## Source information
******
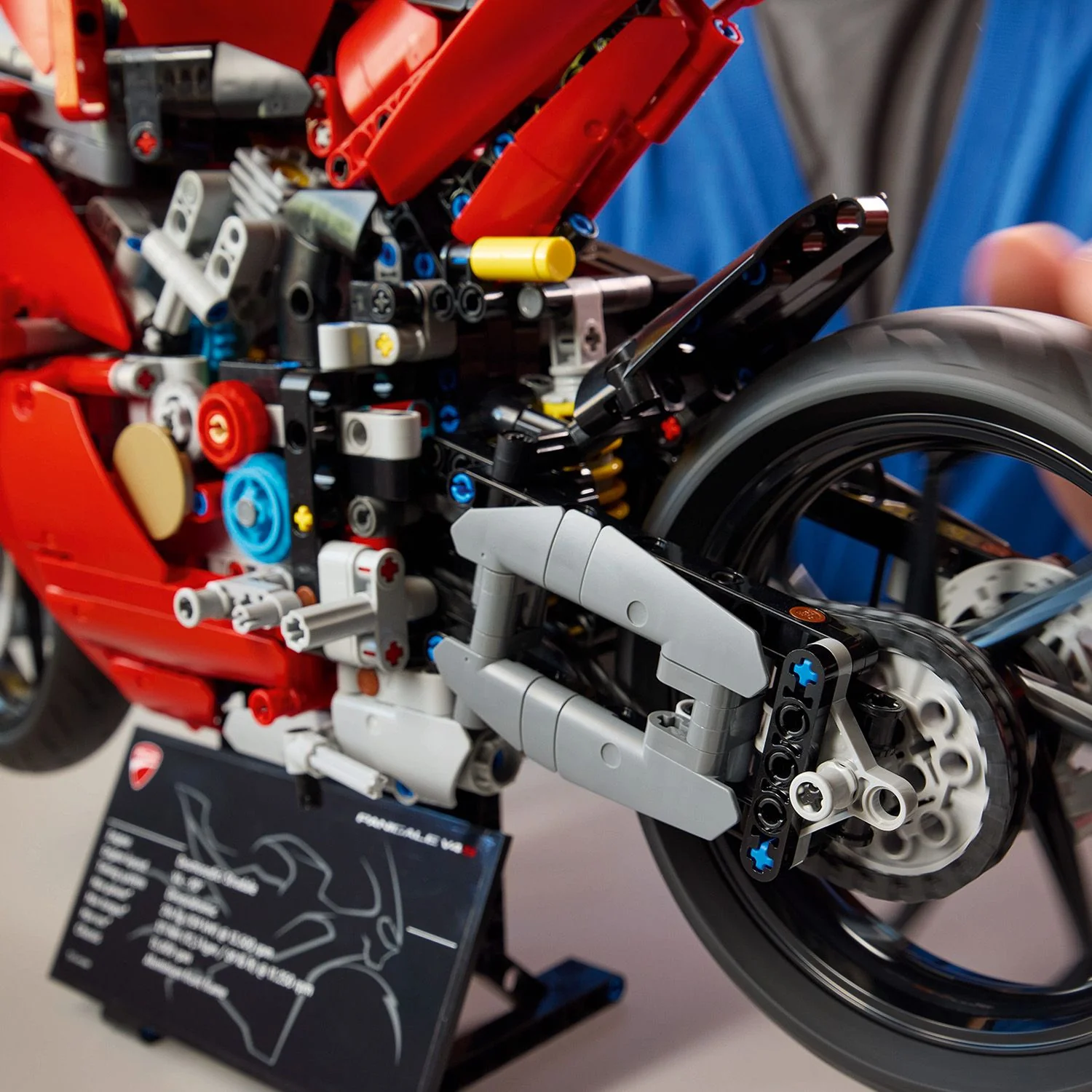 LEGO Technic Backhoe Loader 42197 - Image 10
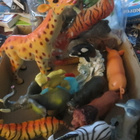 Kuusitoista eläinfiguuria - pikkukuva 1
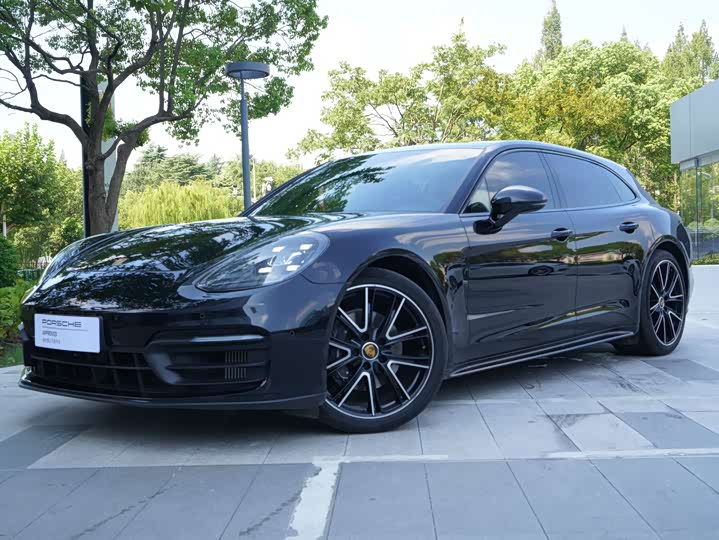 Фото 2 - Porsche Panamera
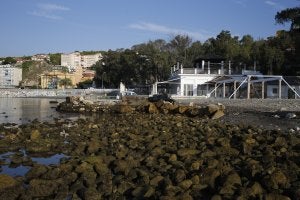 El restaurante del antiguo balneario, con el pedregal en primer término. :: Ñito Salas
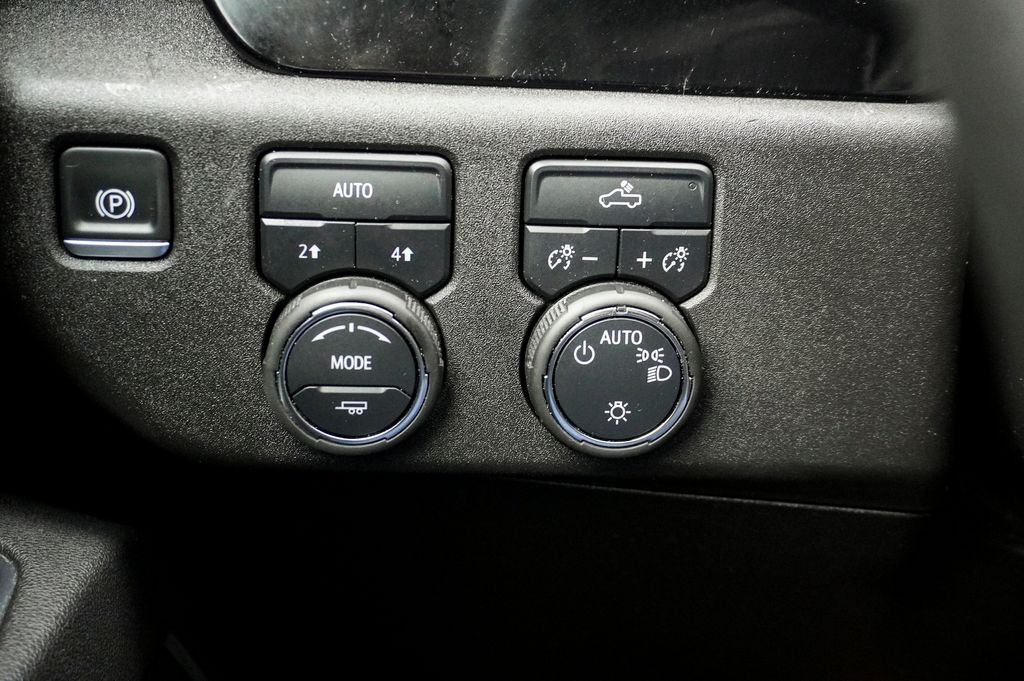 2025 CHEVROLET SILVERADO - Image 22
******
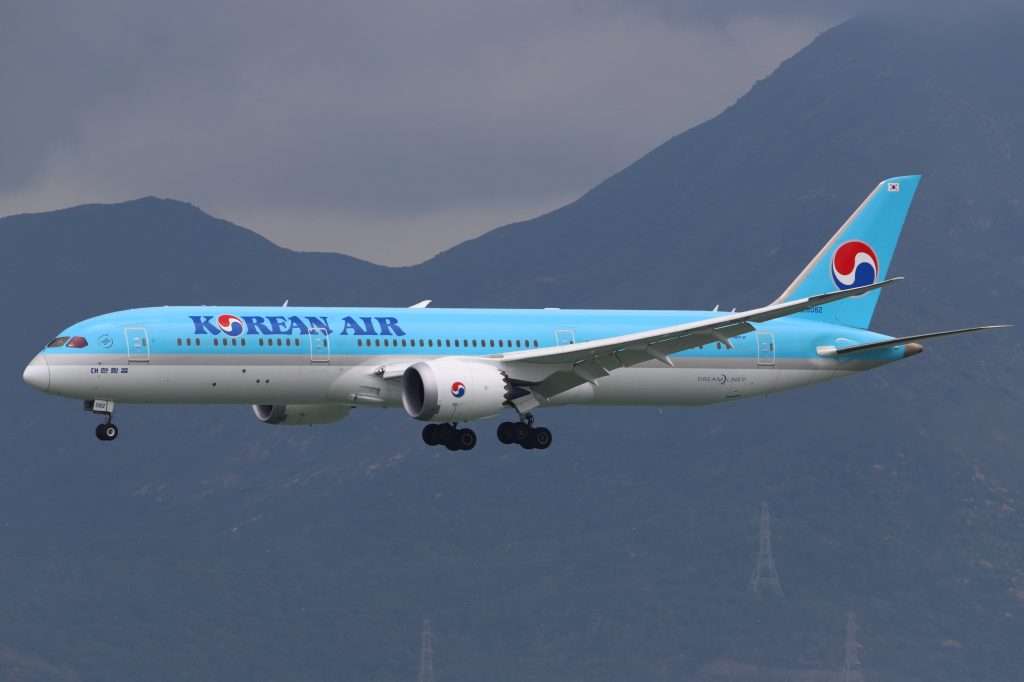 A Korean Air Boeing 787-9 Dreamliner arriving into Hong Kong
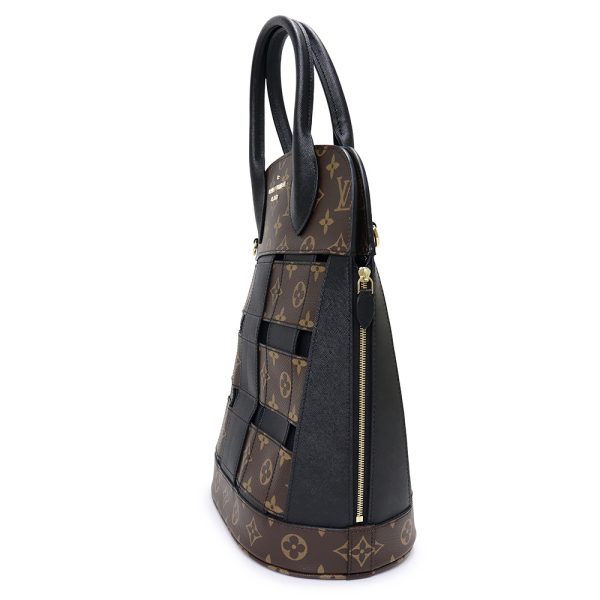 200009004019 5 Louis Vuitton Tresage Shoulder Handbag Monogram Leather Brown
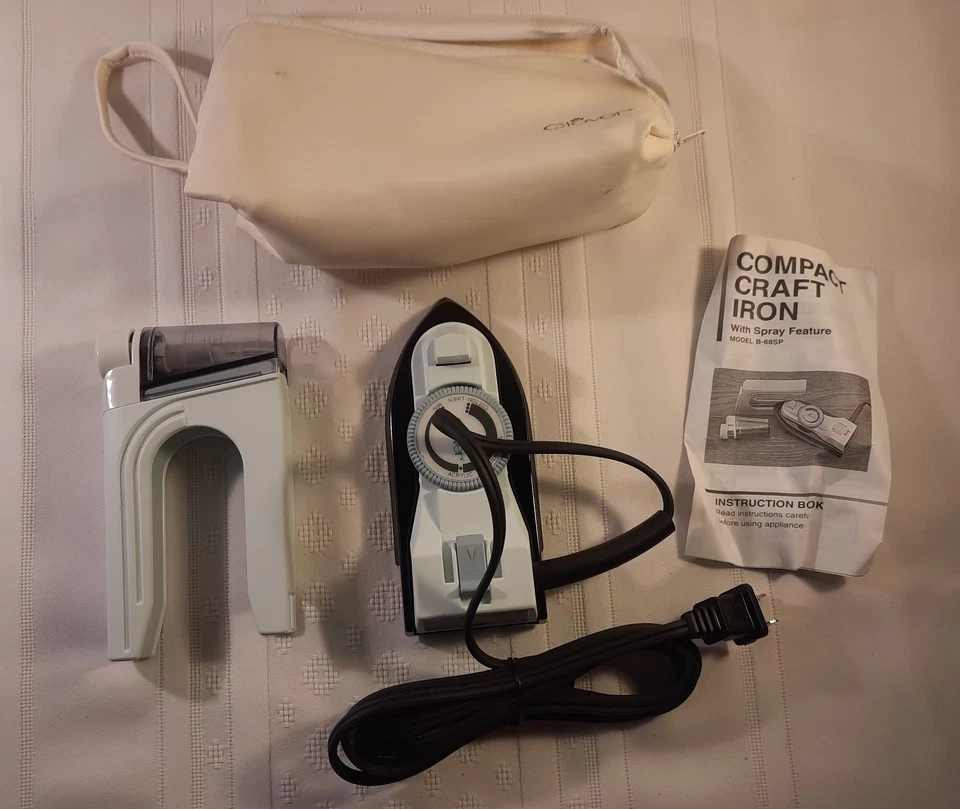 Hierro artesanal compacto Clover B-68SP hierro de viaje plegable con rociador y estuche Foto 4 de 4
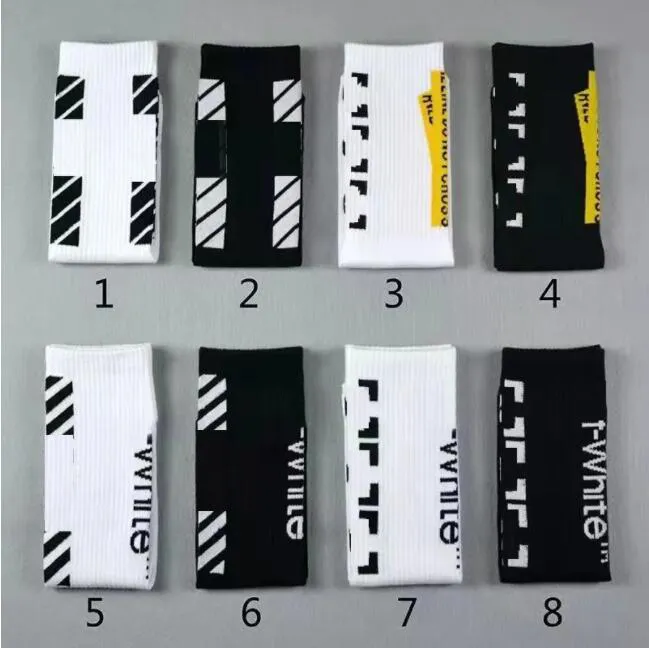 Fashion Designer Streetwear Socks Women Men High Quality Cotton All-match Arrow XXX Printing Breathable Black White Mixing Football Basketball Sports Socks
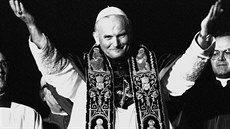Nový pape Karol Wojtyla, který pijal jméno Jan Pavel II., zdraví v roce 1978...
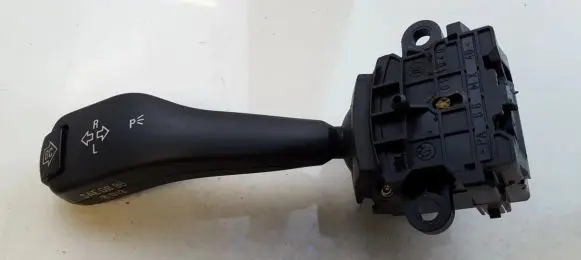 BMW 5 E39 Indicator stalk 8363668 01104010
******
## Requirement
When you reach the line holding "Nový pape Karol" in the listing above, begin retyping exactly, and stop once the line holding "BMW 5 E39 Indicator stalk 8363668 01104010" is done; pictures stay out.

## Worked solution
Nový pape Karol Wojtyla, který pijal jméno Jan Pavel II., zdraví v roce 1978...
 BMW 5 E39 Indicator stalk 8363668 01104010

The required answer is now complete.